Some Pilates equipment can look like some kind of medieval torture device, which is ironic because it makes you feel so good. The most commonly used pieces are the reformer, the cadillac and the mat, but there are several other small pieces of equipment, too.
The reformer is a rectangular frame with four legs and a cushioned mat, or carriage, that slides back and forth on wheels with the resistance of springs and pulleys.
The cadillac is a trapeze-like table that’s 26 inches off the floor and has a canopy from which a trapeze, springs and pulleys hang. Because it’s elevated, it’s nice for older people if they have trouble getting down on the floor.
Finally, there’s the mat — the ideal apparatus for Pilates because there’s nothing helping you. It’s only you, your body weight and your alignment making the exercises fluid, controlled and precise. Get advice here on whether you should do Pilates on a mat vs. on a Pilates machine.
9. What should I look for in a Pilates instructor?

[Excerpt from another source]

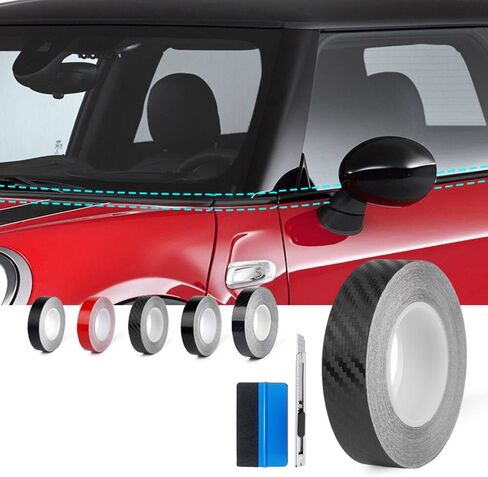 LZLRUN Vinyl Film Sticker Car Window Trim Chrome Delete Door Waistline DIY Sticker Easy to Install Decal Decoration Compatible with for Mini Cooper (0.8in x 30ft, Gloss) in Saudi Arabia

Because Pilates is so hot right now, there are a lot of different organizations claiming to offer certification using the movements of Joseph Pilates. So it’s important to use your judgement and really get a feel for an instructor. Become knowledgeable about their certification and education — and their years of experience.
I studied for 600 hours. When I finished those 600 hours of observation, practice and written and practical exams, I had barely scratched the surface.
Also, make sure they have insurance. Ask questions.
10. How often should I do Pilates? Is it like weight training in that you need to rest your muscles for 48 hours between workouts?
Pilates is safe enough to do every day. Initially you may want to do it every day so you get a rhythm and become consistent; then a good goal is to do it every other day. Joseph Pilates used to say to do it three times a week.
11. Can you talk about the six “principles” of Pilates?
1. Concentration. This is the most important principle in Pilates. You must be very mentally present as you do the exercises, aware of every aspect of your body’s movement, alignment, sensations, muscle flexes ….
2. Control. Every movement is to be done with control, so you aren’t just throwing your body around.
3. Centering, so that you are evenly using your body. Think of a plumb line down the middle of the body working both sides evenly.
4. Fluidity. A smooth transition from one exercise to the next important because once you’ve learned the routine, it should look something like a dance, where every movement flows into the next.
5. Precision. You try to make each movement as precise as possible; alignment, placement of your limbs, postion of each part of your body is paramount and a central aspect of how and why Joseph Pilates designed this system of exercise.
6. Breath. How you breathe is very important in Pilates exercises. You don’t want to hold your breath at all. Deep, steady breaths will help you maintain concentrationa and precision, too.
12. Will my body be sore after a Pilates class?
Feeling sore is a very individual thing. Some people don’t feel sore. Pilates is what you put into it. If you’re really conscious and making an effort to make every movement count, you’ll most likely feel something the following day. It also has to do with your athleticism. If you’ve been sedentary, you’re probably going to feel it more than someone who’s very active. It’s all relative.
13. How can beginners get the most benefit from Pilates?
Be consistent, especially in the beginning. Don’t just try it once. Give it a few shots and do it in succession. Make it your reward, your break from a hectic day. Also, listen to your body and really concentrate — it makes for a better workout.
Someone once told me that you need to “arrive” for Pilates, meaning you have to be there mentally as well as physically. To get the most out of Pilates, you have to be very present. Your body and mind will thank you.